Directions for this task:
In the records below, the lines between the one holding "从前,有一个经验丰富的渔夫名" and the one holding "Hermès Kelly Cut", inclusive, are to be transcribed exactly; no pictures are to be included.

Data in this exercise:
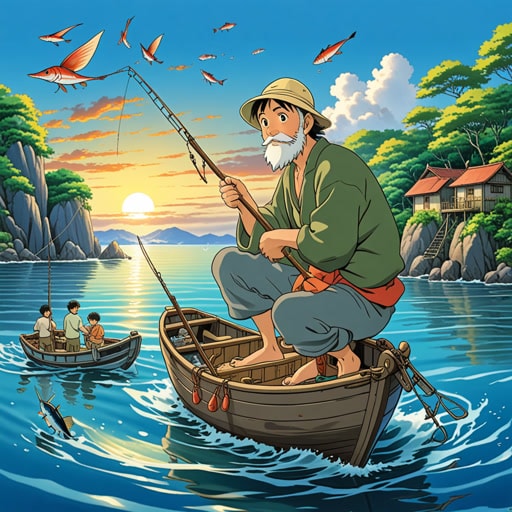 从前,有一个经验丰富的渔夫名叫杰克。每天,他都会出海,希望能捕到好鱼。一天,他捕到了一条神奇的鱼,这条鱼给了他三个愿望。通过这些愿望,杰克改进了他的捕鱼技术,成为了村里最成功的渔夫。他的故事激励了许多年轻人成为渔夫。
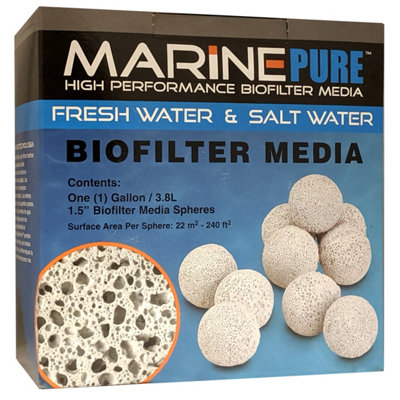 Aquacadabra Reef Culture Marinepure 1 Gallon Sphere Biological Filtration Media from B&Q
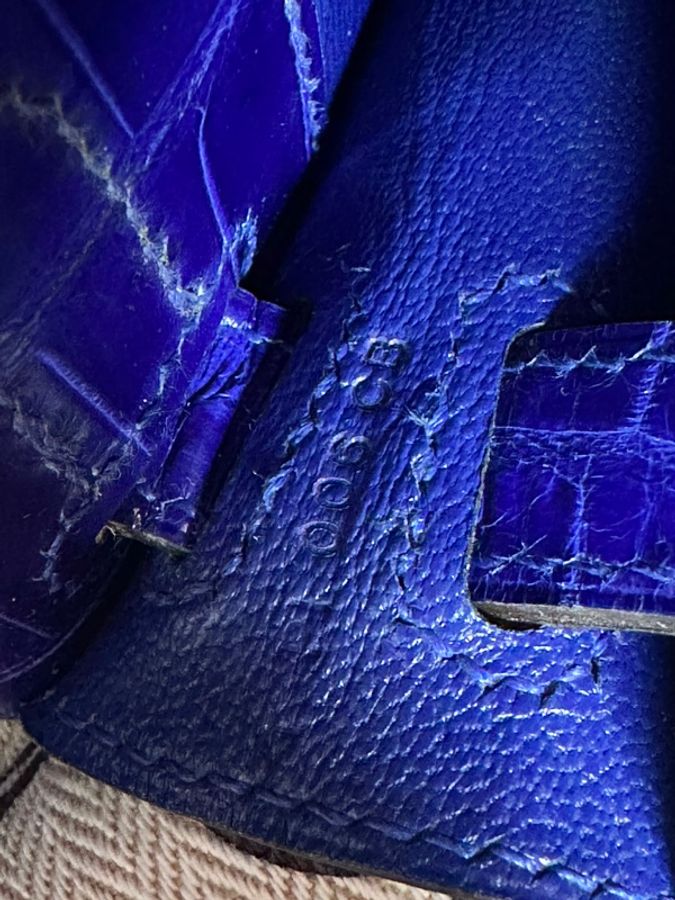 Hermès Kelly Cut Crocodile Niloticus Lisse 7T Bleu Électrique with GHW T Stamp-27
--
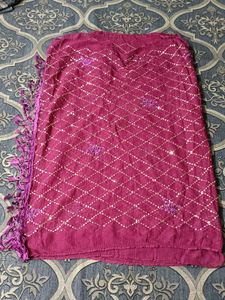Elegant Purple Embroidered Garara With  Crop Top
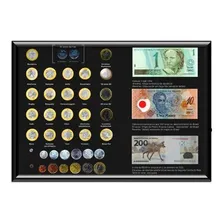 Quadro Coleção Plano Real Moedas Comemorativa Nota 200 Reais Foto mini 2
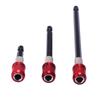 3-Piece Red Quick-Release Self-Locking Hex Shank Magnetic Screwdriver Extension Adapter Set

Exercise solution:
 从前,有一个经验丰富的渔夫名叫杰克。每天,他都会出海,希望能捕到好鱼。一天,他捕到了一条神奇的鱼,这条鱼给了他三个愿望。通过这些愿望,杰克改进了他的捕鱼技术,成为了村里最成功的渔夫。他的故事激励了许多年轻人成为渔夫。
 Aquacadabra Reef Culture Marinepure 1 Gallon Sphere Biological Filtration Media from B&Q
 Hermès Kelly Cut Crocodile Niloticus Lisse 7T Bleu Électrique with GHW T Stamp-27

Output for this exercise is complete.